Poussé par son ambition, Hisham entreprend le périple vers le Hedjaz, le berceau de l'Islam. À Médine et à La Mecque, il rencontre certains des plus grands savants de sa génération. Il étudie notamment auprès du célèbre Imam Malik ibn Anas, l'auteur du Muwatta', et de Sufyan ibn 'Uyaynah. Ces rencontres ne font pas que polir ses connaissances en hadith et en jurisprudence ; elles le confortent dans la rigueur méthodologique qui caractérisera toute sa vie.

Le Maillon d'Or de la Lecture Damascène

De retour à Damas, Hisham se spécialise dans la science des lectures coraniques (Qira'at). Son objectif est de maîtriser et de préserver la variante de récitation propre à sa région, l'une des sept lectures canoniques, celle d'Ibn 'Amir al-Shami, qui était le lecteur de référence pour tout le Bilad al-Sham (la Grande Syrie).

Une chaîne de transmission rigoureuse

Ibn 'Amir étant décédé bien avant sa naissance, Hisham ne l'a pas connu directement. Il reçoit sa lecture à travers une chaîne de transmission (isnad) d'une fiabilité irréprochable. Son maître principal dans cette discipline est 'Irak ibn Khalid, qui lui-même la tenait de Yahya al-Dhimari, un élève direct d'Ibn 'Amir. Cette transmission ininterrompue, de maître à élève, garantissait l'authenticité et la pureté de chaque lettre et de chaque accentuation.
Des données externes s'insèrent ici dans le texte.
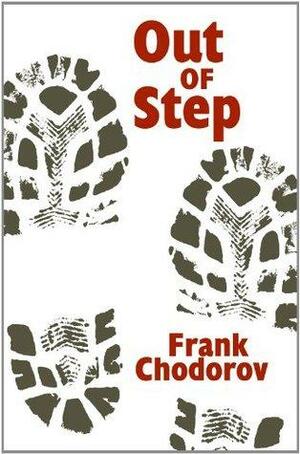 Out of Step by Frank Chodorov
La méthode et la précision d'un maître

Hisham était réputé pour son extrême précision. Il ne se contentait pas de transmettre ce qu'il avait entendu ; il vérifiait, comparait et s'assurait de la conformité de chaque détail avec ce qui avait été établi par les générations précédentes. Sa réputation de fiabilité était telle que les étudiants affluaient de toutes les régions pour recevoir de lui la lecture damascène. Il devient rapidement le principal Qari' (récitateur) et Muqri' (enseignant des lectures) de la ville.

L'Héritage d'une Vie Consacrée au Coran

Au-delà de son rôle de transmetteur, Hisham ibn 'Ammar fut une figure publique respectée, occupant les fonctions de prédicateur (khatib) et de juge (qadi) de Damas. Sa longue vie, s'étendant sur plus de neuf décennies, lui permit de former des générations de disciples et d'asseoir définitivement la lecture d'Ibn 'Amir.
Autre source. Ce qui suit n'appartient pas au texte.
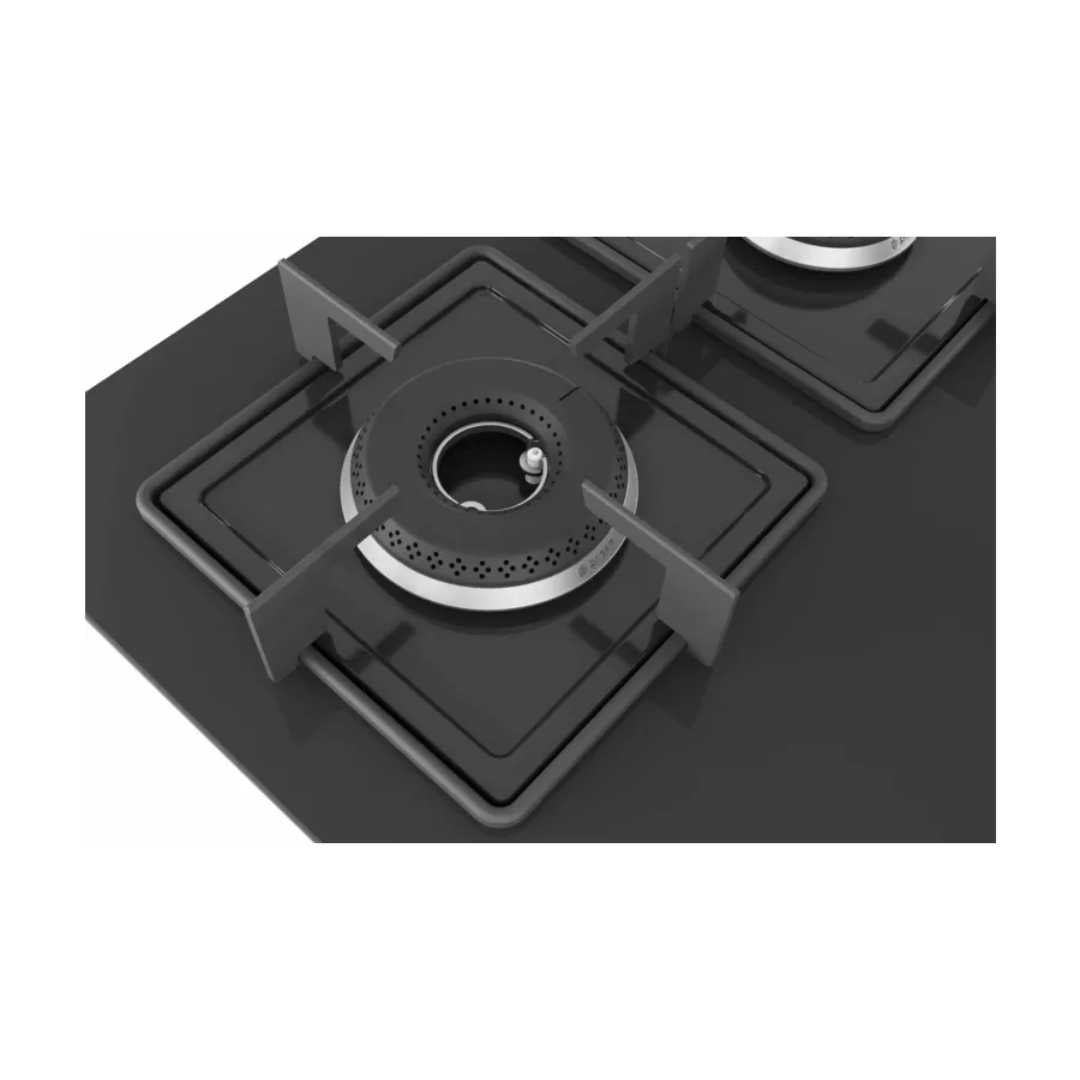 BOSCH Series 4 PNH6B6B12I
Les Deux Piliers de la Transmission

La pérennité de la lecture d'Ibn 'Amir repose principalement sur deux de ses transmetteurs les plus illustres : l'imam Hisham et son contemporain. En effet, l'autre grand pilier de cette transmission était l'imam Ibn Dhakwan, qui partageait avec lui cette immense responsabilité de préserver et de diffuser cet héritage. Aujourd'hui encore, lorsque l'on parle de la lecture d'Ibn 'Amir, on se réfère presque systématiquement à l'une de ces deux voies de transmission : celle de Hisham ou celle d'Ibn Dhakwan.

Une empreinte éternelle

L'imam Hisham s'éteint en 245 de l'Hégire (environ 860 ap. J.-C.), laissant derrière lui un héritage immense. Son travail méticuleux a non seulement permis de sauvegarder une variante précieuse de la récitation coranique, mais a aussi illustré l'éthique du savant musulman : une vie entière dédiée à la préservation et à la transmission fidèle de la Parole divine. Son nom résonne encore dans chaque récitation du Coran effectuée selon la voie qui porte son nom, témoignage éternel de son dévouement.